Devices in "catch-up" mode
Documentation for the Wattwatchers API
V1.1.0 last updated 1 year ago on 2020/04/24
It's important to note that "Internet of Things" (IoT) applications are not like traditional computer systems in terms of data delivery. They are susceptable to communications outages and other issues that may delay the transmission of data from the device to the Wattwatchers infrastructure, and thus what is available via the API at any point in time.
Similarly, while we work very hard to ensure that our systems work flawlessly, 24/7, there are occasions where delays may be introduced within the Wattwatchers system, for example a short lag after a system maintenance window.
In such cases, data may delayed from being available from devices.
There are circumstances where a device may continue to collect data but be unable to transmit that data to the Wattwatchers system for a period.
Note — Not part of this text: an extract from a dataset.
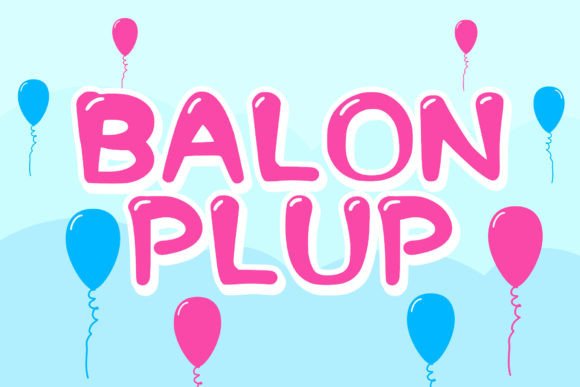 Balon Plup Font: A Playful Display Typeface for Handmade Goods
When the device re-establishes communications with our cloud infrastructure it will progressively send the data it has collected (i.e. it doesn't do this all at once).
When a device is in this "catch-up" mode, data will appear delayed in being available in other parts of the system, e.g. via the API.
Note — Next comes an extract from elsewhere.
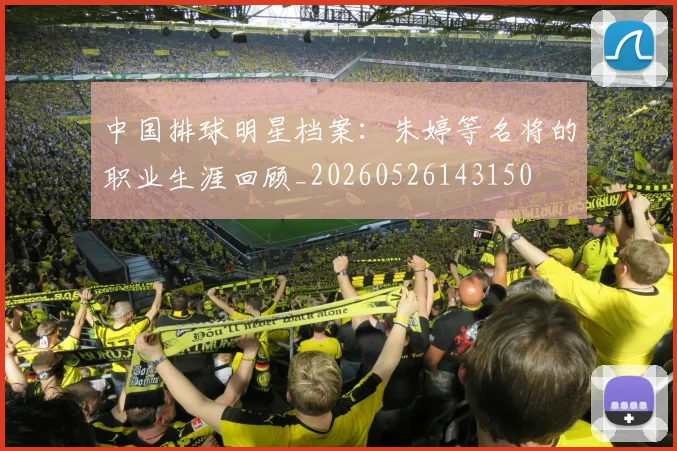 中国排球明星档案：朱婷等名将的职业生涯回顾_20260526143150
How long does it take for a device to catch-up?
The amount of time a device takes to fully "catch up" and have all data available via the Wattwatchers system depends on a number of factors, including:
- The amount of time the device was offline, but collecting data (the data "backlog")
- The quality of the communications connection with Wattwatchers' infrastructure
- Other infrastructure performance impacts
If a device reconnects to our infrastructure with a solid connection, it will usually send data at a rate of 1 hour of data every minute.
Thus, if a device has been offline for a day, and collecting data for the entire day, it will usually catch up within approximately 24 minutes.
However, this is only a rule of thumb, and it may take significantly longer, depending on conditions and context.
Does the device send newer energy data before it catches up?
No. The Long Energy protocol is designed to ensure that energy data is uploaded to our servers FIFO (i.e. older entries are sent first) so you can count on the latest Long Energy entries being provided in chronological order.